Beginning with the first line of the entries below, quote each line until you reach and include the line with "米思阳2026春季新款简约通勤连衣裙独特小众气质收腰a字裙女4349 商品图5".

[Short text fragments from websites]
○ ○ ○ ○ ○
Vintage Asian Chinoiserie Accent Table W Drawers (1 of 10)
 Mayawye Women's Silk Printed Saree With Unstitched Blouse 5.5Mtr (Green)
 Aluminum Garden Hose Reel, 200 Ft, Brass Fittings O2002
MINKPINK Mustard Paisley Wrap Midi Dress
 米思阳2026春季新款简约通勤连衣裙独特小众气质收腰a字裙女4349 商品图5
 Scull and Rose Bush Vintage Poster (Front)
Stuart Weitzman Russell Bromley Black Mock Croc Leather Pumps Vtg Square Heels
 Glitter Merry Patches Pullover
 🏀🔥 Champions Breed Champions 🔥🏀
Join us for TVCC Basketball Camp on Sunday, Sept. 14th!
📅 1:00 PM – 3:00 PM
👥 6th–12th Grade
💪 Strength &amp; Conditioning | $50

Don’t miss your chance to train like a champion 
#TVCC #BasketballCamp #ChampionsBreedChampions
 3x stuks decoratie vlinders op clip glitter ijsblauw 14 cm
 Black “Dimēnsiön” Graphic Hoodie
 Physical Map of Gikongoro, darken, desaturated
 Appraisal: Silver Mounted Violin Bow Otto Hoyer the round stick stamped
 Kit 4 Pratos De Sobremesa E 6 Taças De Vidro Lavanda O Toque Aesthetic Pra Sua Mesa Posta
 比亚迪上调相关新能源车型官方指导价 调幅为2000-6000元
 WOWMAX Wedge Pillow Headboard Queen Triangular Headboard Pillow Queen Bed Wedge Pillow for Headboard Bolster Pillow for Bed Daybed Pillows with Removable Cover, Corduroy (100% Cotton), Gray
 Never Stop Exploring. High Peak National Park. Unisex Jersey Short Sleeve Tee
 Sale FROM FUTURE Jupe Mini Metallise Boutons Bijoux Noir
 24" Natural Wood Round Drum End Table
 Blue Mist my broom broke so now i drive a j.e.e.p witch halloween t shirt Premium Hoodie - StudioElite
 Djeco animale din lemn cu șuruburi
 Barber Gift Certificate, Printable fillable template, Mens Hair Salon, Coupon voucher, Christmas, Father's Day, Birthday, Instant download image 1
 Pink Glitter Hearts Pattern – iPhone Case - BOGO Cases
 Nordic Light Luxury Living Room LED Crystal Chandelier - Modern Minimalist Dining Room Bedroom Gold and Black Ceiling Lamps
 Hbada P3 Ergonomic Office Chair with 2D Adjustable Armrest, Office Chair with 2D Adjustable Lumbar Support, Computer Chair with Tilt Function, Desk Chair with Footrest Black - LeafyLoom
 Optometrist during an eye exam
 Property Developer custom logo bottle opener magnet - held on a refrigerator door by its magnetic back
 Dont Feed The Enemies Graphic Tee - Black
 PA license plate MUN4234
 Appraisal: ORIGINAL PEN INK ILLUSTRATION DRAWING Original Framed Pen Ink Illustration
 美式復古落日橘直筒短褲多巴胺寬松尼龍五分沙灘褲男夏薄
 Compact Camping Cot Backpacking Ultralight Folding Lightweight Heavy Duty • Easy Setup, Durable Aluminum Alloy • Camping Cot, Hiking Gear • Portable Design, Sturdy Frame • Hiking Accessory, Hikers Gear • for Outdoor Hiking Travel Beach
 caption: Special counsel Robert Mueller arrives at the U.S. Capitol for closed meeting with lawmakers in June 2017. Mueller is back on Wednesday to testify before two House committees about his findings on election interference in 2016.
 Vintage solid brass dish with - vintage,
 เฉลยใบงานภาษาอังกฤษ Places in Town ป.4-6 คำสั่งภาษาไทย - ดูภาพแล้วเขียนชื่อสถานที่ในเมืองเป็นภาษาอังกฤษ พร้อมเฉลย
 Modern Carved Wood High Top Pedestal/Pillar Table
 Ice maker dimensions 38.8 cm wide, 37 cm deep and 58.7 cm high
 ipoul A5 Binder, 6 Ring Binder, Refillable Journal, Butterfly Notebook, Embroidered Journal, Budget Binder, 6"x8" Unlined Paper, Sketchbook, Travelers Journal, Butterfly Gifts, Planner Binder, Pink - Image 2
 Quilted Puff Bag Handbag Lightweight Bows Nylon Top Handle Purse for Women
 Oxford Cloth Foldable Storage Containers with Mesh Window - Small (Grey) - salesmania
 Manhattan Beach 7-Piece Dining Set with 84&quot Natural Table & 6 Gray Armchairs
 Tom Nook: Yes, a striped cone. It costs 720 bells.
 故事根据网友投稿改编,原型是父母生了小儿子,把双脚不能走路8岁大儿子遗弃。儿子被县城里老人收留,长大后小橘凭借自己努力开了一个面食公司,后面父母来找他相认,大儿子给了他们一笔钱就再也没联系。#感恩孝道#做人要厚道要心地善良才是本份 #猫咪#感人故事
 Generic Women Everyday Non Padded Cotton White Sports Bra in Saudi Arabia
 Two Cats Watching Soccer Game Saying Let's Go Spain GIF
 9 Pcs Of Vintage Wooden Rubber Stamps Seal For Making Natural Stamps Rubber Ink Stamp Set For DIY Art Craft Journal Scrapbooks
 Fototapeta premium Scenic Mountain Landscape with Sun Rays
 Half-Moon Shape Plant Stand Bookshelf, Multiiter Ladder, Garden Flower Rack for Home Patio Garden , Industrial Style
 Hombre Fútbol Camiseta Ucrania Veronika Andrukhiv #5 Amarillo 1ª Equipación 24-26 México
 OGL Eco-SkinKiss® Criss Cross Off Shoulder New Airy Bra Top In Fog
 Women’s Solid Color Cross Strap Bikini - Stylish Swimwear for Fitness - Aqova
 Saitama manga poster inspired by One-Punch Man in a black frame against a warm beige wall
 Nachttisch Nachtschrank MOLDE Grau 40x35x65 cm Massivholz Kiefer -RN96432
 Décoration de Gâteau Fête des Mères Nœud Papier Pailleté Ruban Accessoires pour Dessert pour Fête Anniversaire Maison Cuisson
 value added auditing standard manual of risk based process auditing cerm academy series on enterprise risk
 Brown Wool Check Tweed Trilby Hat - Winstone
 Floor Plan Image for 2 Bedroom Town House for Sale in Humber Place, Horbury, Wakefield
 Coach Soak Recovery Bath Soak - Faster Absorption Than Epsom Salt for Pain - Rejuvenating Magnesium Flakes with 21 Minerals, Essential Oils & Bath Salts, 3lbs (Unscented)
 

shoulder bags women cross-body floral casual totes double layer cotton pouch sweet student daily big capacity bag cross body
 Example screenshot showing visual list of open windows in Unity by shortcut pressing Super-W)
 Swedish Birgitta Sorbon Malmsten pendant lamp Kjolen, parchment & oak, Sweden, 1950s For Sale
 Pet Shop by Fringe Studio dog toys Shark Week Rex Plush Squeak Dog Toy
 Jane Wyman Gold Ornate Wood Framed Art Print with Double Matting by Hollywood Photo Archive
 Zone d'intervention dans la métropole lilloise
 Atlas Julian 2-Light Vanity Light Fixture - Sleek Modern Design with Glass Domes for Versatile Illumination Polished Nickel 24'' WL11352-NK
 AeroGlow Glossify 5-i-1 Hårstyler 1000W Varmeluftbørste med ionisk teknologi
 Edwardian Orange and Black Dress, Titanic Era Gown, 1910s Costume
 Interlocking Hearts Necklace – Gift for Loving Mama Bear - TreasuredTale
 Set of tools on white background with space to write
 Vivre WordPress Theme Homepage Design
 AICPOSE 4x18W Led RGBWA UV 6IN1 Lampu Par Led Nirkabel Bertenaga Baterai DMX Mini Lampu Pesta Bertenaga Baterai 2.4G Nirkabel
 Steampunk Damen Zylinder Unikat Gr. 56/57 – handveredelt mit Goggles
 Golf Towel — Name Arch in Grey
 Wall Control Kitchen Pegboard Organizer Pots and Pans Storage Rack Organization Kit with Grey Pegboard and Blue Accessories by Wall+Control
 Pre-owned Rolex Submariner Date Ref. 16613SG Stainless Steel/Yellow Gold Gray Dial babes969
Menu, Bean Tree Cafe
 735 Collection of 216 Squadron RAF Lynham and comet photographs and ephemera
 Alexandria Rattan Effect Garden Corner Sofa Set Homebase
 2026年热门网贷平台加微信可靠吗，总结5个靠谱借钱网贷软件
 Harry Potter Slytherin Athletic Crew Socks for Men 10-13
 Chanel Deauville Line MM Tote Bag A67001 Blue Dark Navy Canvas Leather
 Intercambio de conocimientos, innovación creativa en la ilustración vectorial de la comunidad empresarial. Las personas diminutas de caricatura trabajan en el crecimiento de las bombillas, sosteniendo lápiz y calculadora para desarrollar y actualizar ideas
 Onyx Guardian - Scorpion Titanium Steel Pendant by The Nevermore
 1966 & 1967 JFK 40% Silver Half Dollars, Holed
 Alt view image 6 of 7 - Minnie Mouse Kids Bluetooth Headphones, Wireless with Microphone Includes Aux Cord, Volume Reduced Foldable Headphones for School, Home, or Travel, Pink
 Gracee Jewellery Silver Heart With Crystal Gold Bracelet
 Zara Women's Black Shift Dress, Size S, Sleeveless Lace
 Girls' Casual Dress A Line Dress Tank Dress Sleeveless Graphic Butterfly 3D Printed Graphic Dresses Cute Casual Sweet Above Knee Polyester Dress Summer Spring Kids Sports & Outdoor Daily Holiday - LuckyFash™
○ ○ ○ ○ ○
### RESULT
Vintage Asian Chinoiserie Accent Table W Drawers (1 of 10)
 Mayawye Women's Silk Printed Saree With Unstitched Blouse 5.5Mtr (Green)
 Aluminum Garden Hose Reel, 200 Ft, Brass Fittings O2002
MINKPINK Mustard Paisley Wrap Midi Dress
 米思阳2026春季新款简约通勤连衣裙独特小众气质收腰a字裙女4349 商品图5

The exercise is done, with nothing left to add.